Rain? He frowned. With the power to revive, to give life . . . “What does rain have to do with anything?”
“You don’t know that expression? Right as rain means you’re going to be fine. That’s what I’m trying to tell you. You’re in the clear. The debris has been dealt with already, but I haven’t moved you yet. I was waiting for you to wake up.”
“That’s crow shit,” said Crospinal, testing the swear word again for reaction, though there was none apparent. “You just woke me. I felt you, poking me. You weren’t waiting at all. What procedures have you done to me?”
“You know about operations and shit like that?”
“I’ve been in haptics.”
“You want grisly details?”
“I can take it.”
“Well. Skin grafts, for one. For your burns.”
“I’m burnt?” What he could see of his smooth
chest seemed pale and bony and ineffectual, but undamaged. How many years since he had looked upon it? A few damp hairs, flat, copper-coloured nipples, like stains. The thin strands that connected the chestplate to his lungs were intact, but stretched into a web: both halves of his tricot had been opened, like a ribcage. He did not like to see his white skin, for skin was vulnerable and weak. Where the flange of the device trapped him, there were no visible burns, either. He looked at his hands, still in their mitts, though the Dacron was further damaged. His sleeves were frayed, too. “At least close me up. I can feel germs crawling all over me.”

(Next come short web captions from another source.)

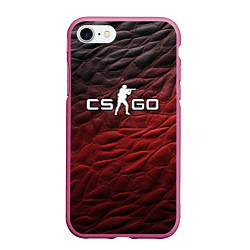 Чехол iPhone 7/8 матовый CS GO dark red, цвет: 3D-малиновый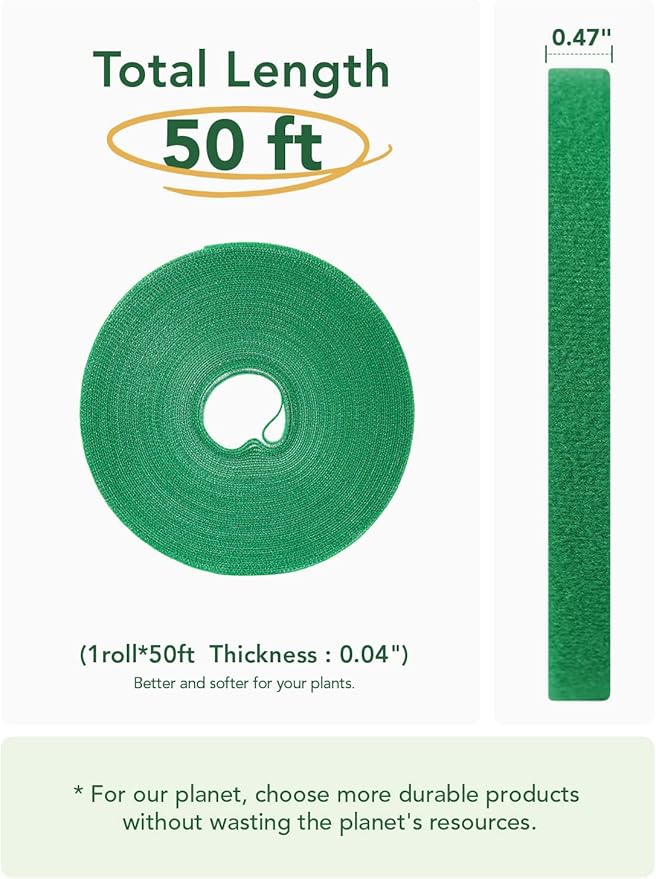 LE TAUCI Plant Ties, Garden Tape for Plant, Reusable Adjustable Thicker Support for Growing, Strong Grip, Tomato Vines Indoor Outdoor, 50 ft x 0.47 Inch, 1 roll, Green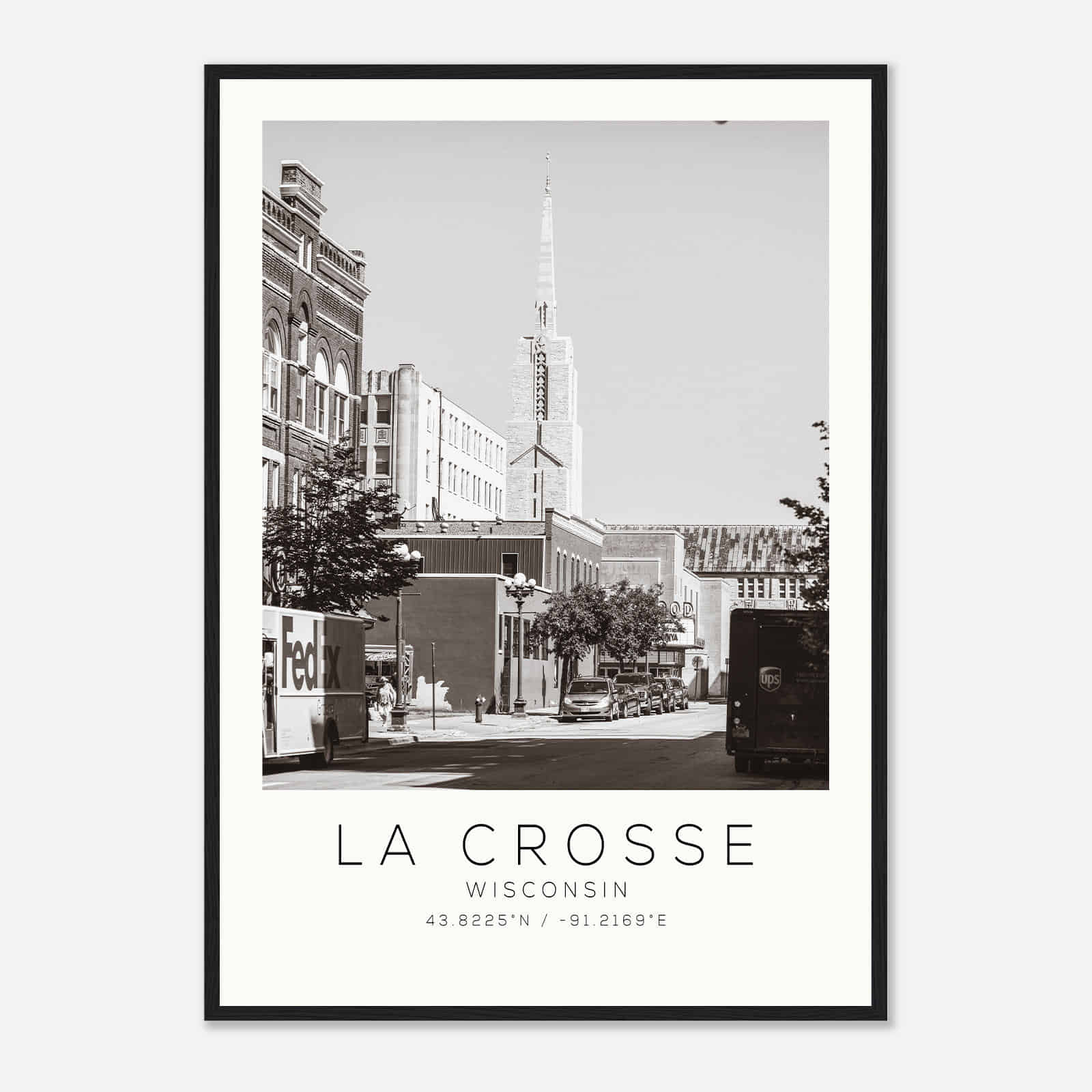 La Crosse Wisconsin Photo Travel Poster BW, La Crosse Travel Print, Minimalist Travel Print DS2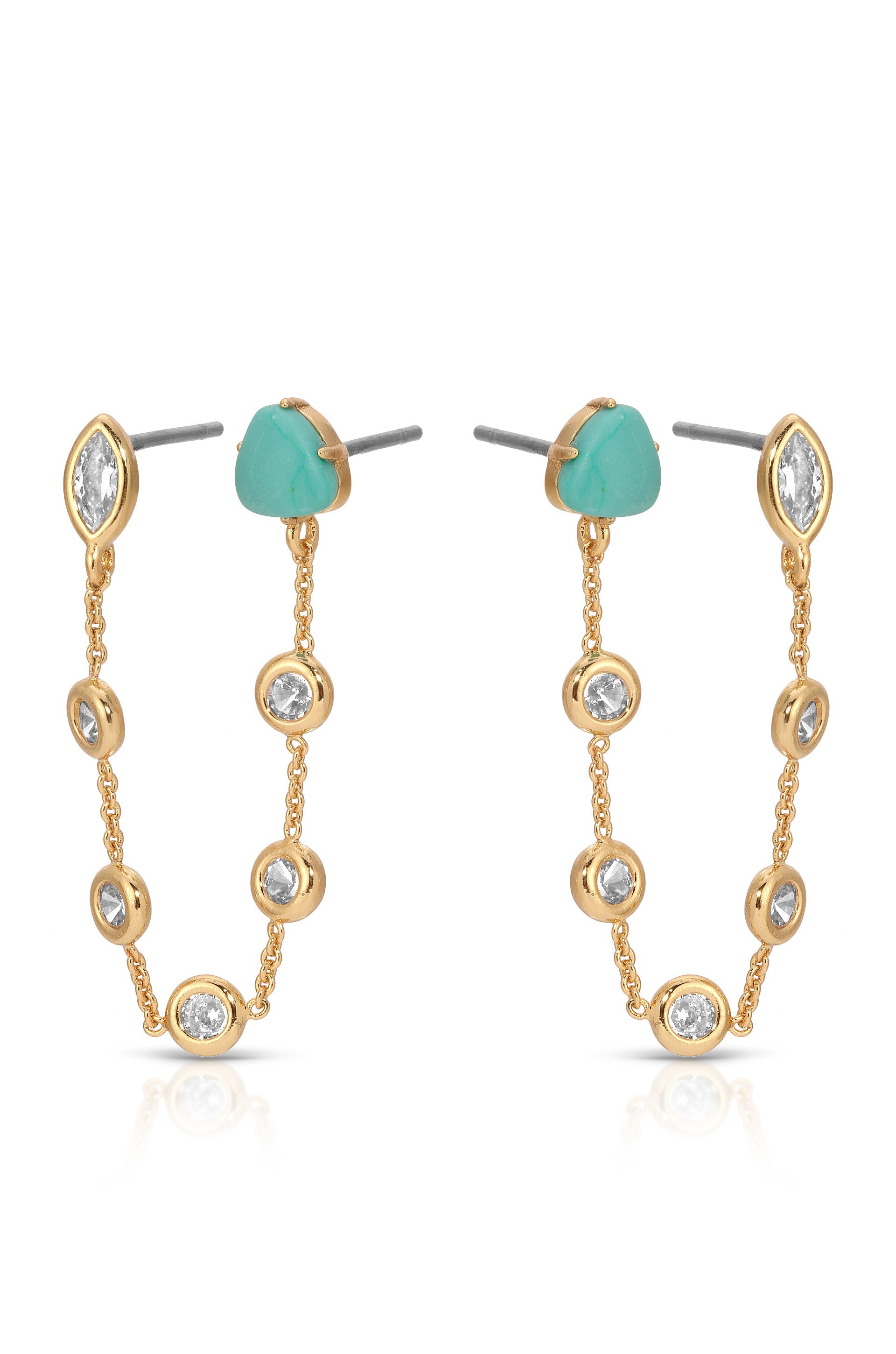 Double Piercing Turquoise Earrings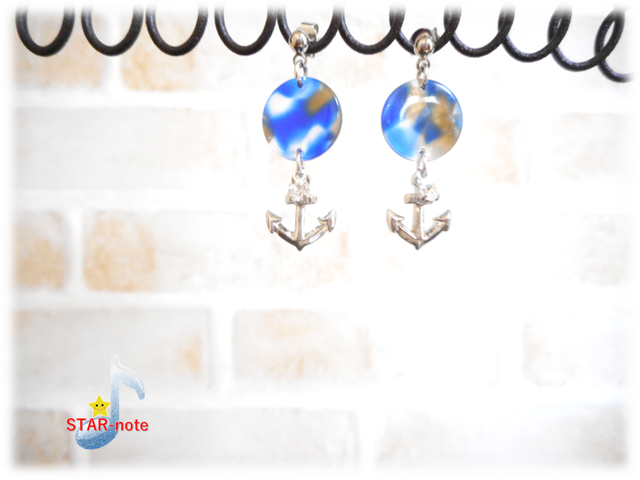 マーブルリングラウンドとイカリチャームピアス Star Note スターノート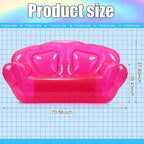 Kigley Inflatable Chair Blow Up Couches Transparent Inflatable Sofa Seat Yard Patio Portable Air Couch Furniture for Outdoor Indoor Camping Beach Room(Double Seat,Pink)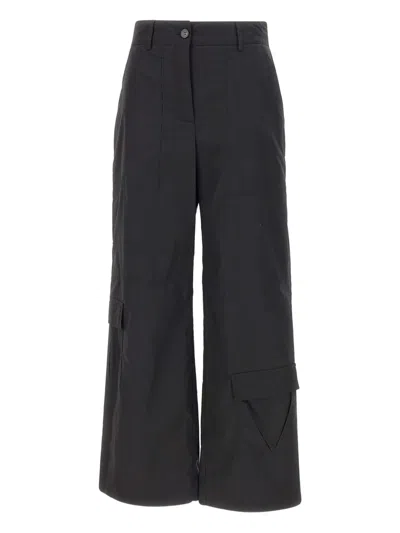 Kaos Multi-pockets Cargo Straight Trousers In Black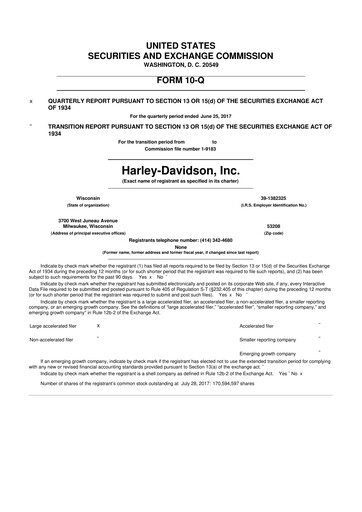 Thumbnail Harley-Davidson
 10-Q Quarterly Report FY2017 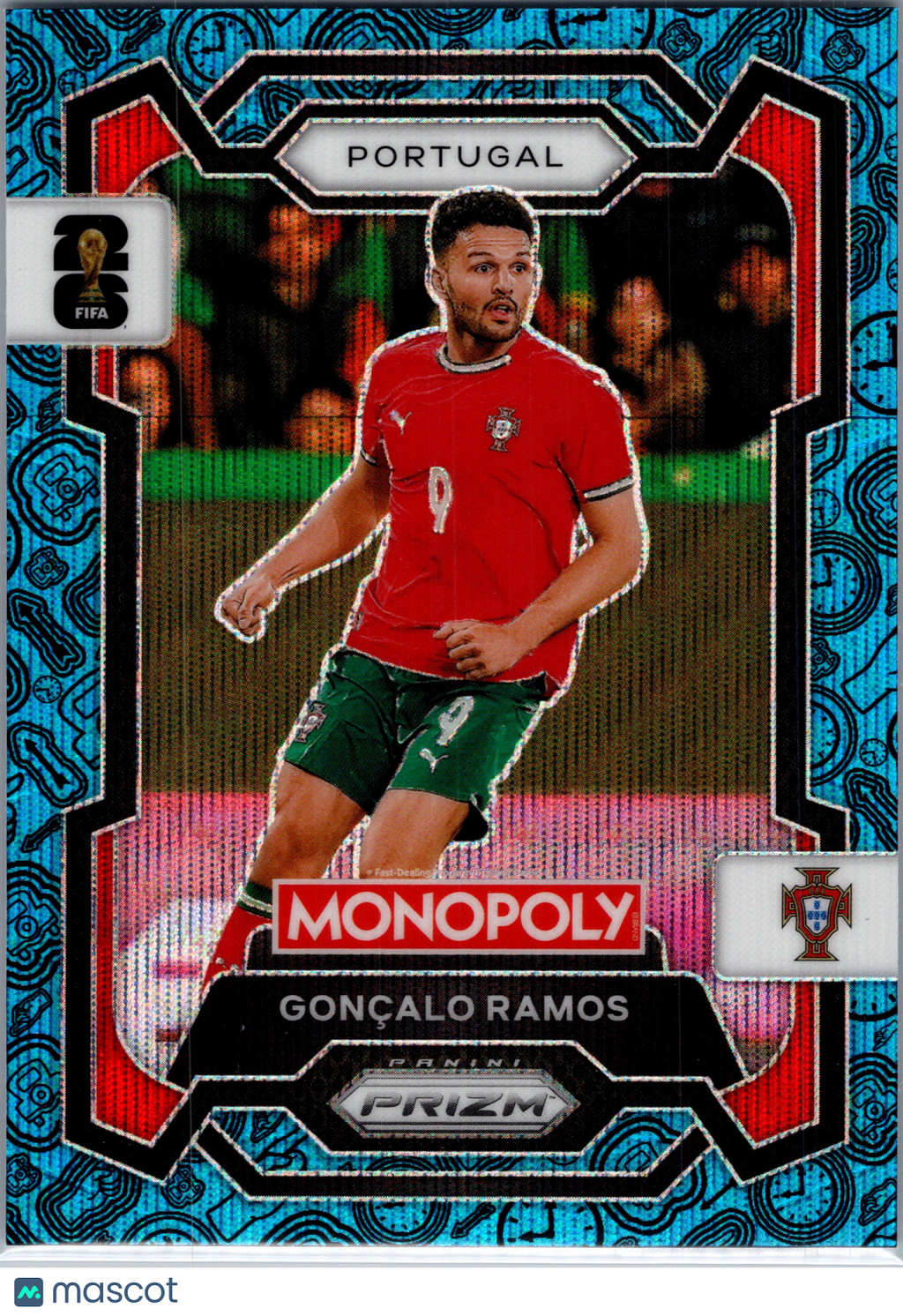 2026 Panini Monopoly Prizm FIFA World Cup 26 Gonçalo Ramos #30 Blue Boardwalk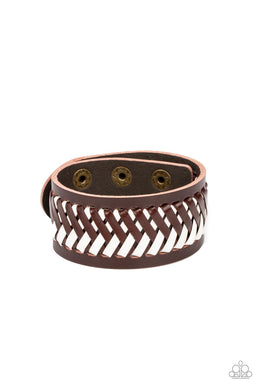 Punk Rocker Road Brown Snap Bracelet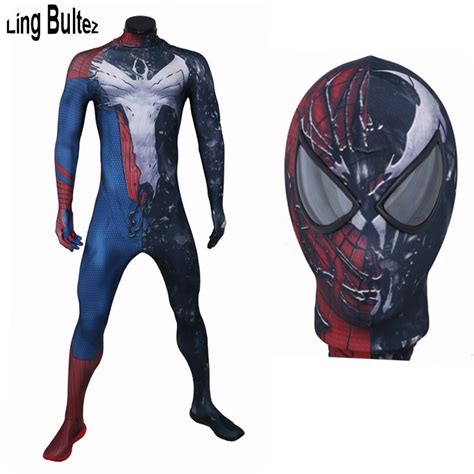 ling bultez high quality newest venom spiderman suit man mixed venom costume original venom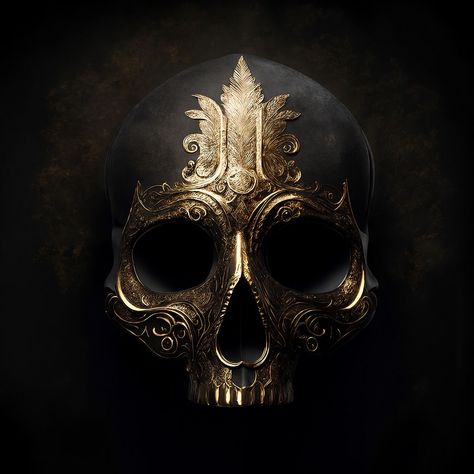 One Eyed Masquerade Mask, Skull Mask Aesthetic, Skull Masquerade Mask, Oni Masks, Black Skulls Wallpaper, Golden Mask, Gold Masquerade Mask, Skeleton Mask, Mask Aesthetic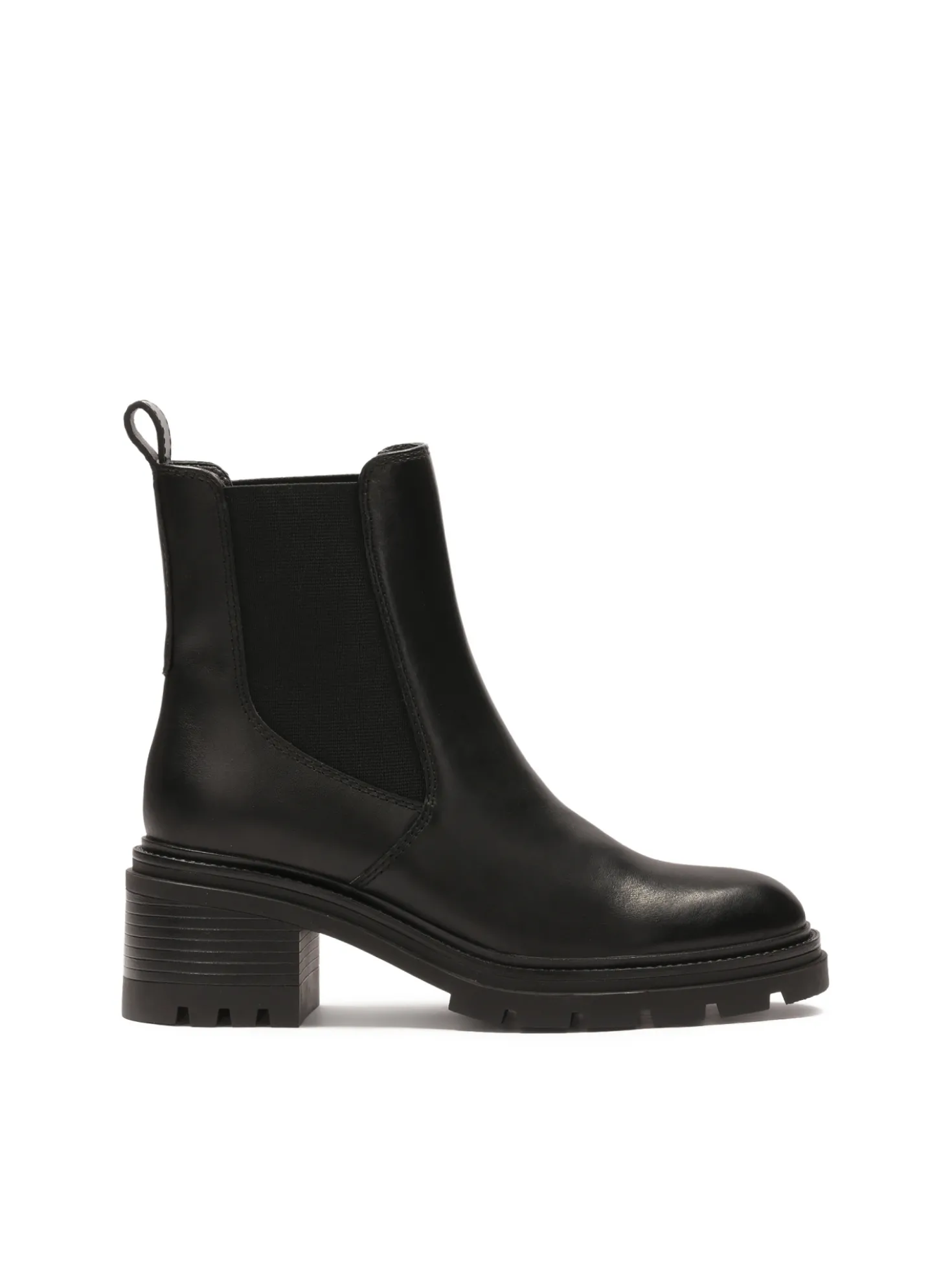 Czarne chelsea boots na szerokim obcasie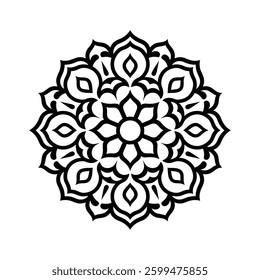 mandala design black line icon Intricate featuring floral patterns and circular shapes vector illustration.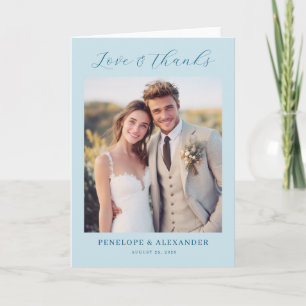 Warm Teal Contemporary Photo Thank You Card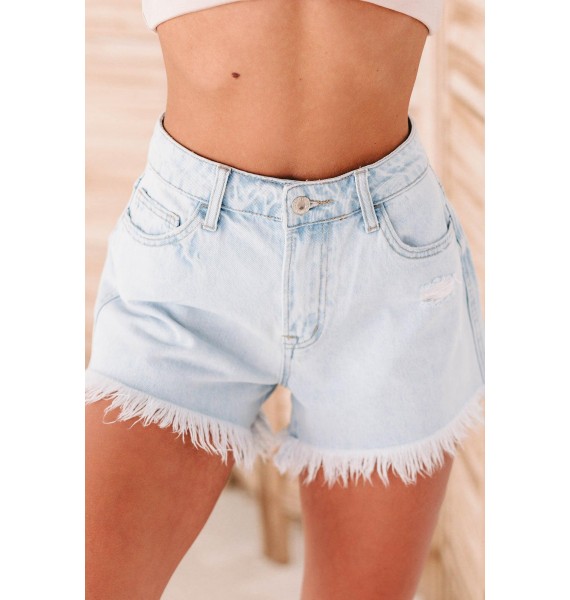 Eileen Flying Monkey High Rise Fringe Hem Denim Shorts (Light)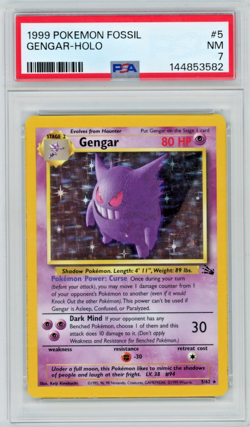 1999 Pokemon Fossil Gengar 5/62 Holo PSA 7 - Image 1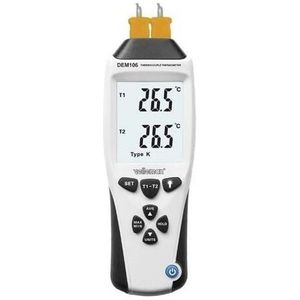 Velleman Thermometer met thermokoppel type K/J, dubbele meting, dubbel lcd-display, -200 °C -1370 °C, datahold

“You do realize your jumpsuit is virtually non-functional? If you want to be like a passenger, you’re meant to shed every few weeks. Otherwise the toxicity—”
“Just close it. Release me.”
“I have to take you back to my ward.” The elemental stared. “Now you’re awake, that is. You need to be in traction for about another forty, forty five minutes, slightly longer if you insist on moving about and asking incessant questions.”
“I find this distressing. I have questions.”
“Trust me, you won’t get infections on my watch.”
Crospinal lay flat, very still, looking up at the composite ceiling, which was glowing with ambients. He was in a wide corridor, about as wide as the main hall had been, which skirted opal centre, back home, where the transfer tubes ended. Other than black marks on the wall, the fairly pristine area was mature but not rigid with age. He inhaled, smelling the unpleasant tang the world exuded when recycling. “Tell me everything,” he said.
“Will you stay calm?”
“Yes.”
“All right. Like I said: a peripheral sector of the bay was sealed and the area excised. A wall was created. Who can presume why these things happen? If you’re daft enough to dwell upon them. There’s no rules anymore. Part of the structure broke away. Things like this happen now. But there aren’t usually people involved. Passengers or runners. That’s the conundrum here. Certainly not a cripple, head full of stories, all dressed up in an old crew suit. Did you have a helmet, too?”